**** Stored data

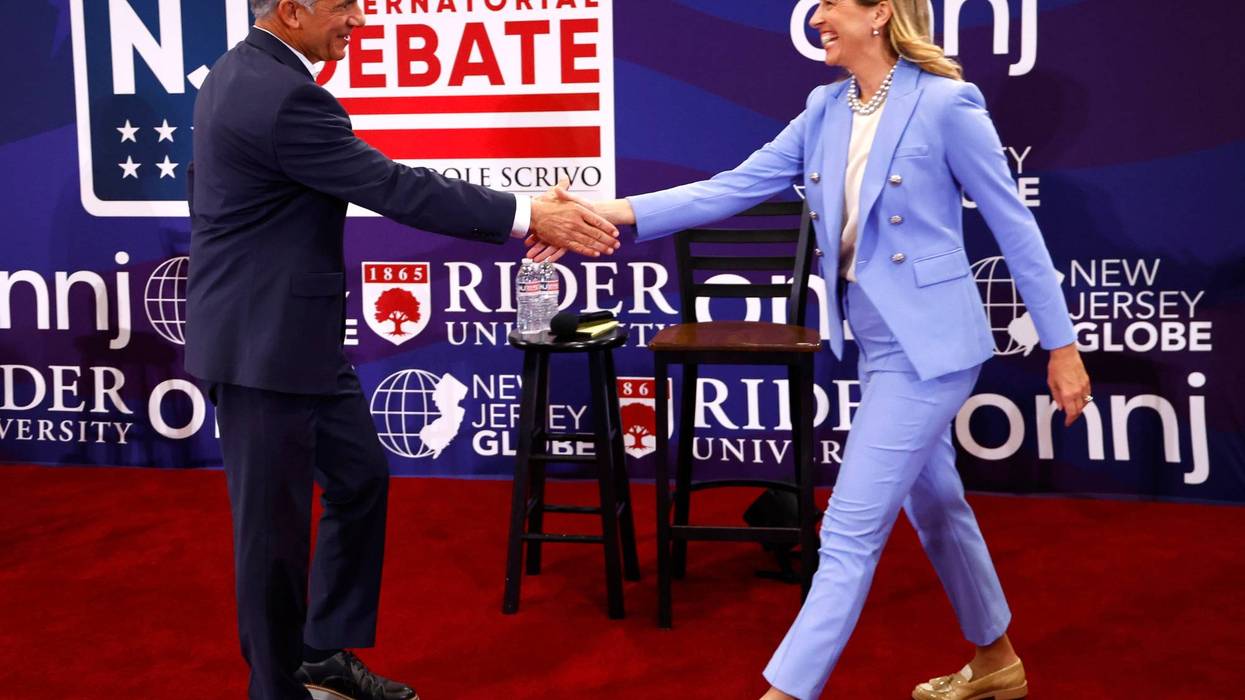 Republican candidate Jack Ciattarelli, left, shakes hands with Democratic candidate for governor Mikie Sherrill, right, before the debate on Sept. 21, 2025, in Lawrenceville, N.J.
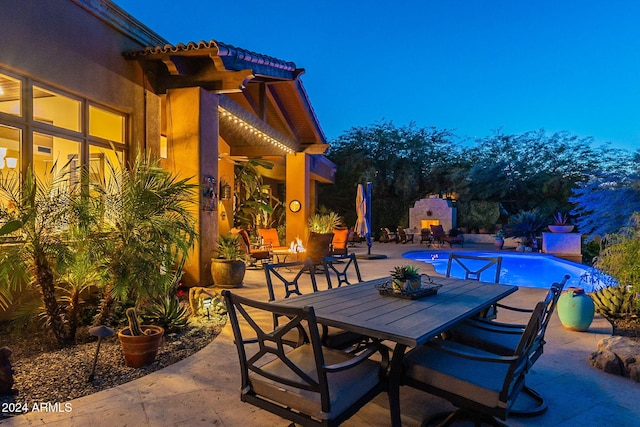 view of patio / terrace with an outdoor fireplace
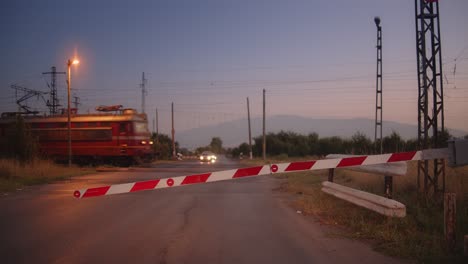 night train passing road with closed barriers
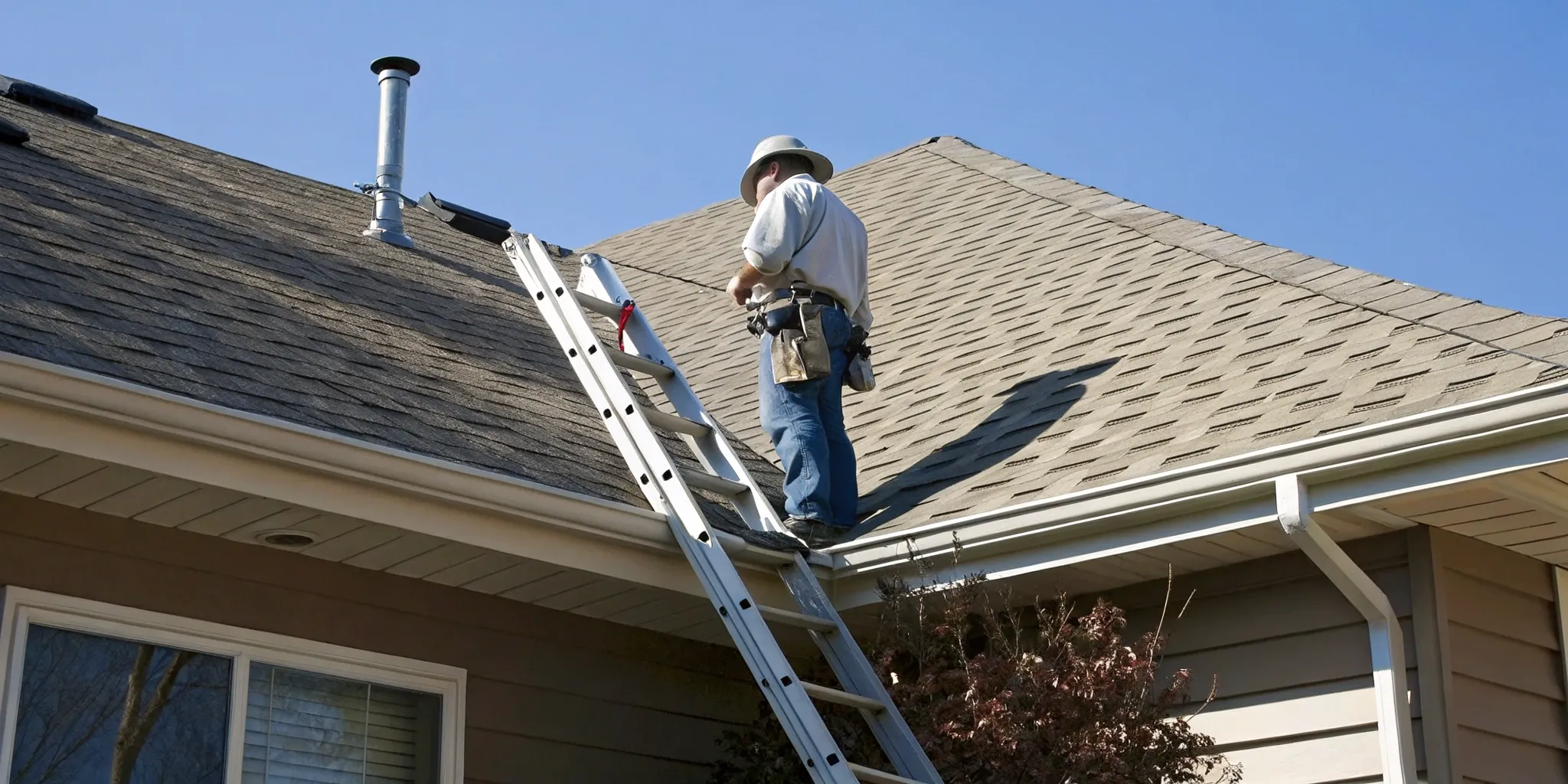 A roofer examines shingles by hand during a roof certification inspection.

********

▶ [What to produce]:
Leave out the pictures and give the listing above again exactly.

▶ [Written solution]:
 Republican candidate Jack Ciattarelli, left, shakes hands with Democratic candidate for governor Mikie Sherrill, right, before the debate on Sept. 21, 2025, in Lawrenceville, N.J.
 view of patio / terrace with an outdoor fireplace
 night train passing road with closed barriers
 A roofer examines shingles by hand during a roof certification inspection.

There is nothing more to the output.